Source data ->
************

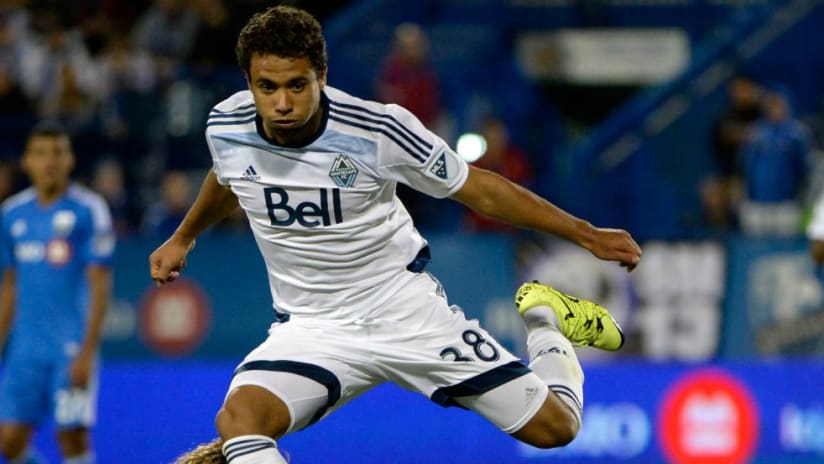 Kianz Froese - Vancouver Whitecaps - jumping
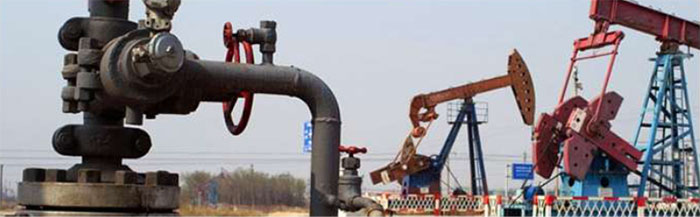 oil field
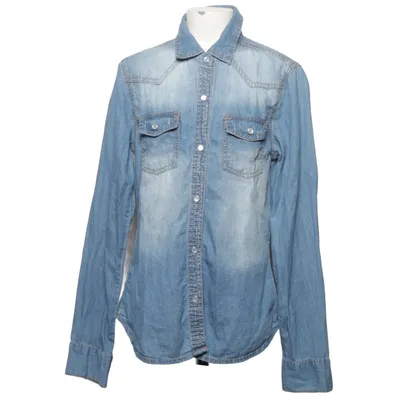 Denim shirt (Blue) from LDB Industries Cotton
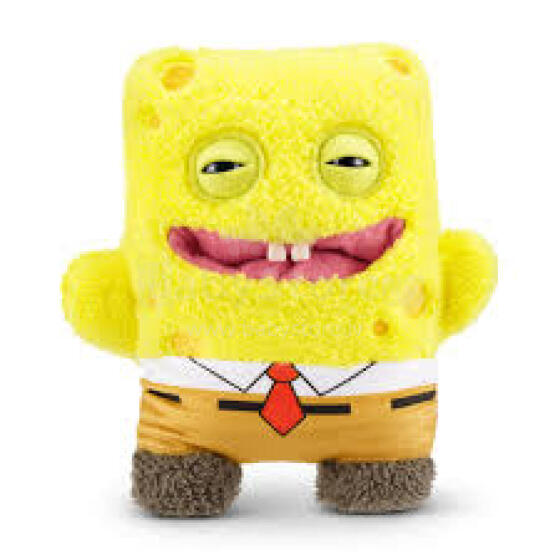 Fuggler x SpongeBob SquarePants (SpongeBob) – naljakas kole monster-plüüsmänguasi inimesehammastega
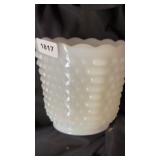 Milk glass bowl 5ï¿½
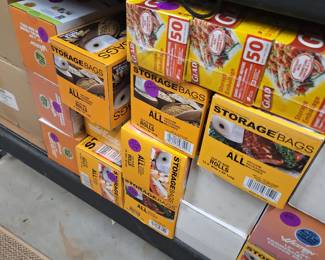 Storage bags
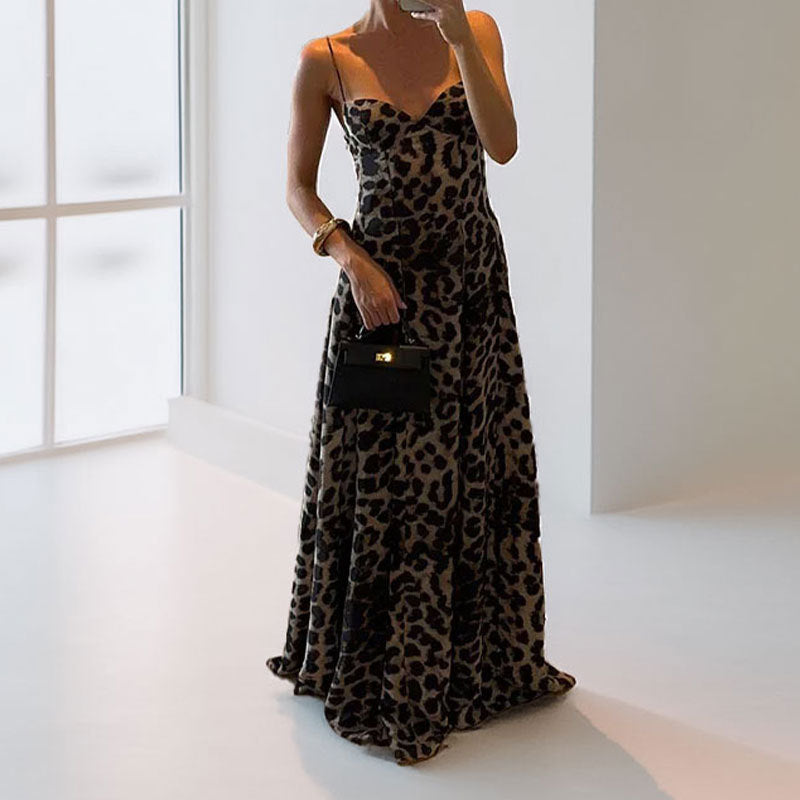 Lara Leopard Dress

************

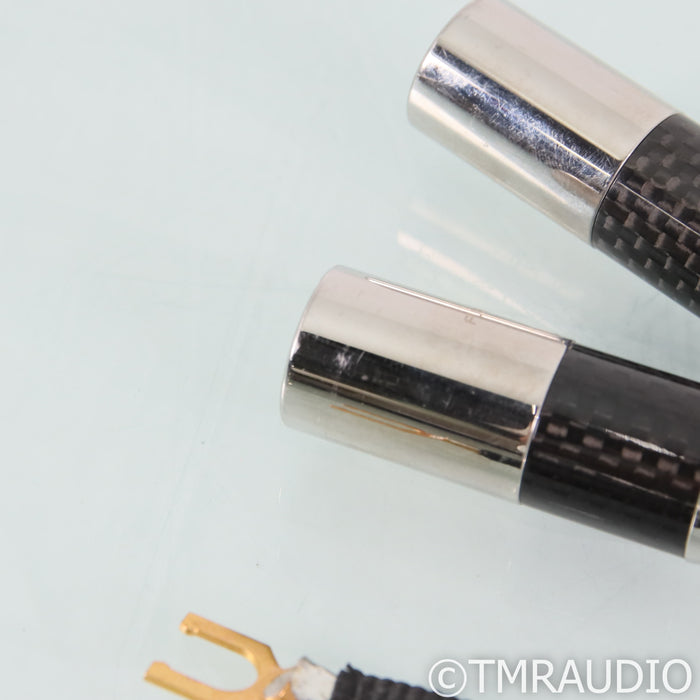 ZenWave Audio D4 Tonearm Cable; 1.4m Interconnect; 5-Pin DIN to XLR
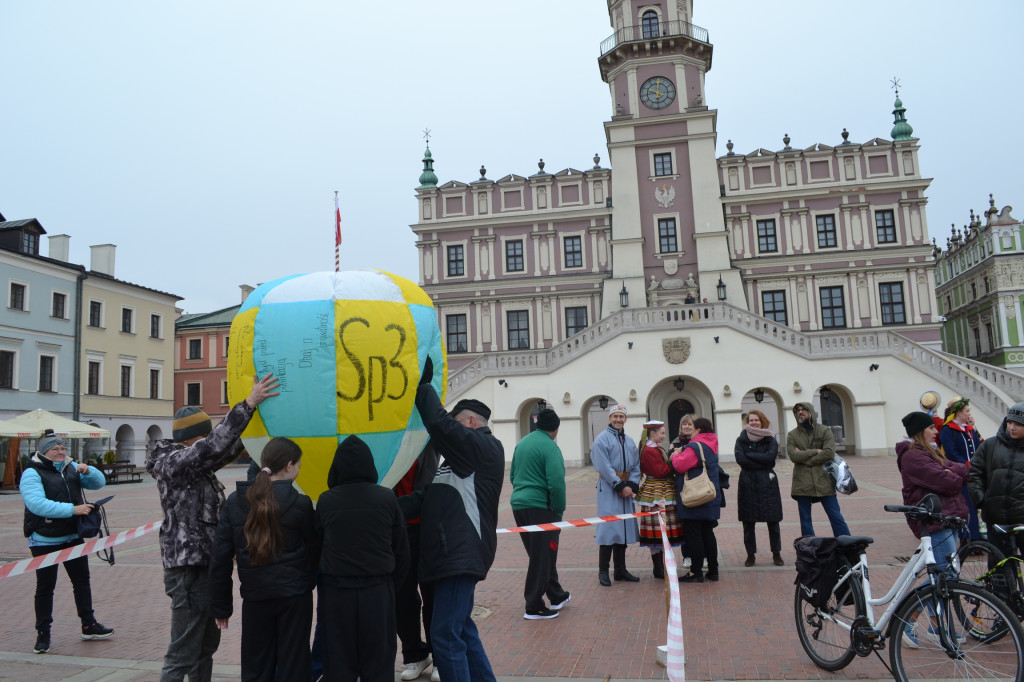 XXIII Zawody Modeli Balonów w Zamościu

************

Using the entries above, extract exactly the lines from the one that contains "Denim shirt (Blue)" through the one that contains "Lara Leopard Dress". Do not carry over any pictures.

Solution for this task ->
 Denim shirt (Blue) from LDB Industries Cotton
 Fuggler x SpongeBob SquarePants (SpongeBob) – naljakas kole monster-plüüsmänguasi inimesehammastega
 Milk glass bowl 5ï¿½
 Storage bags
 Lara Leopard Dress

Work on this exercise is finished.